* _EXERCISE DIRECTIONS_: Print the data exactly. Pictures stay out.

-------- DATA

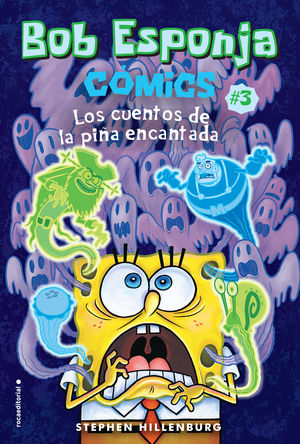 BOB ESPONJA. LOS CUENTOS DE LA PIÑA ENCANTADA (COMIC)
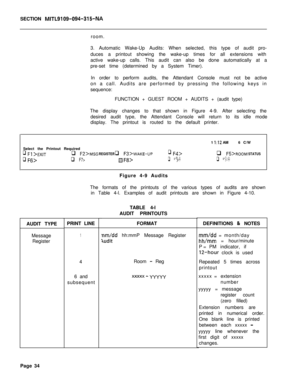 Page 206SECTION MITL9109-094-315-NAroom.
3. Automatic Wake-Up Audits: When selected, this type of audit pro-
duces a printout showing the wake-up times for all extensions with
active wake-up calls. This audit can also be done automatically at a
pre-set time (determined by a System Timer).
In order to perform audits, the Attendant Console must not be active
on a call. Audits are performed by pressing the following keys in
sequence:
FUNCTION + GUEST ROOM + AUDITS + (audit type)
The display changes to that shown in...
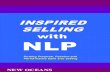 INSPIRED SELLING with NLP - NEW  · PDF fileINSPIRED SELLING with NLP v CONTENTS INTRODUCTION 1 7 Basic Questions To Ask Yourself 2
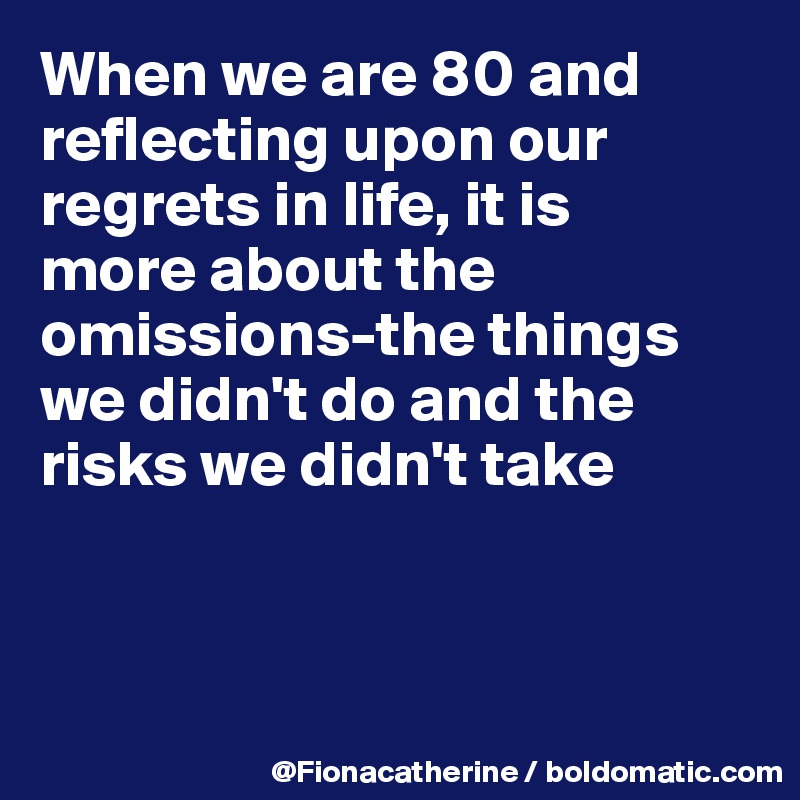 When we are 80 and reflecting upon our
regrets in life, it is
more about the omissions-the things
we didn't do and the
risks we didn't take



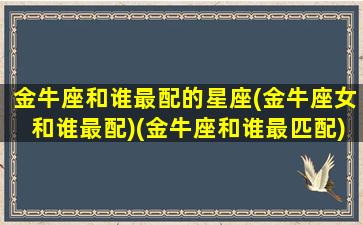 金牛座和谁最配的星座(金牛座女和谁最配)(金牛座和谁最匹配)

----------------

* _SOLVED EXERCISE_:
 BOB ESPONJA. LOS CUENTOS DE LA PIÑA ENCANTADA (COMIC)
 Page 206SECTION MITL9109-094-315-NAroom.
3. Automatic Wake-Up Audits: When selected, this type of audit pro-
duces a printout showing the wake-up times for all extensions with
active wake-up calls. This audit can also be done automatically at a
pre-set time (determined by a System Timer).
In order to perform audits, the Attendant Console must not be active
on a call. Audits are performed by pressing the following keys in
sequence:
FUNCTION + GUEST ROOM + AUDITS + (audit type)
The display changes to that shown in...
 INSPIRED SELLING with NLP - NEW  · PDF fileINSPIRED SELLING with NLP v CONTENTS INTRODUCTION 1 7 Basic Questions To Ask Yourself 2
 When we are 80 and reflecting upon our
regrets in life, it is
more about the omissions-the things
we didn't do and the
risks we didn't take



 金牛座和谁最配的星座(金牛座女和谁最配)(金牛座和谁最匹配)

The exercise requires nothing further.